Your words have made a difference in many people’s life, just as your actions have with your sons. You have helped me through the years, as well. When I lost my job and struggled to find a new one, your words of frustration and anger at not finding a job were mine. It helped more than you know. To know I was not the only one who was struggling with the humiliation and anger helped more than you can imagine. You kept trying, and that made me feel I was not doing it alone, and could do it also. I do not have your gift of writing, nor your bravery in telling the world of my struggles, but your sharing was a message that I was not alone in my struggles and a strengthening of my resolve.
Your writings here have helped me, as I am sure it has done to several others, and I am sure they will for others in the future when they read your words. In small ways you have made some of our lives that much easier and for that we are thankful. As for the Twitter issues, all I can do is quote John Wayne in his words to Barbra Walters. Don’t let the bastards get you down.
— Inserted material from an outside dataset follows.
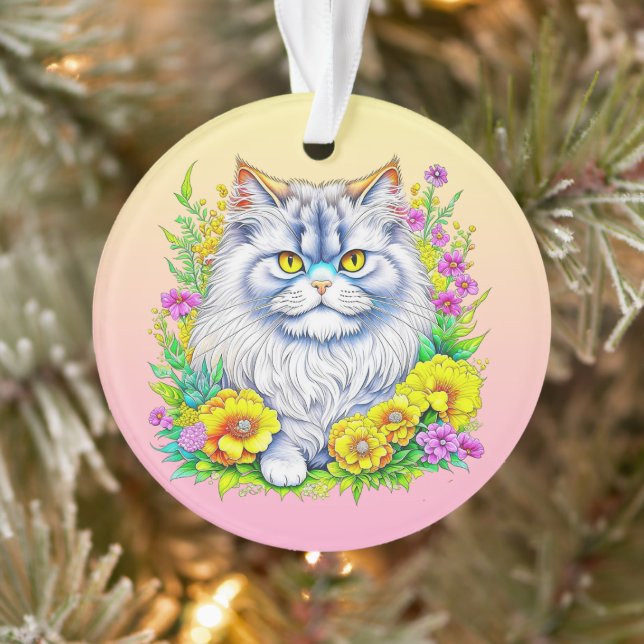 Ornamento Gato Persa em Flores Personalizadas no Natal (Árvore)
It’s been a long time since i’ve commented here…I remember what drew me to your blog in the first place and it still holds true…You are a good man Wil Wheaton…And you write from the heart…It is hard to let go of the hurt…and maybe we shouldn’t let go of all of it…Because it can be the thing that drives us to do good…Anyway…when i think of you i remember the good…In world full of falseness and contradictions…there is still plenty of good…And that is the thing we must come back to.
Wil – I started reading your blog in the early 2000s, and it was one of the few blogs (along with Neil Gaiman’s) that I read on a regular basis. What kept me coming back was your honesty, humanity, and personal realness – I felt like if we had actually known each other IRL we could be friends. I purchased some of your books, and just last year I had you sign one at the Salt Lake Comic Con. I have appreciated getting to watch your journey from afar. I’m sorry that the world is what it is and that those personal glimpses can’t play a part in your writing like they once did, and I understand completely your decisions in this matter. But please just know that even with all the jackasses and blowhards out there, there are many, many people who appreciate the person you are and the things you’ve shared with the world. Thanks, friend Wil, for being a voice that many of us have enjoyed hearing and reading for many years.
“Well, if that’s the way it is done, then that’s the way you must do it”
Although the odd short ‘Wil done a thing of interest’ post won’t go amiss
And cheers for you
Wil, thank you for your lovely story. This might sound crazy, but you are my hero. When I think of the person that I want to be, I think of Wil Wheaton. I am.a teacher and I know that a positive comment doesn’t cancel out a negative one, but I gotta try. With love.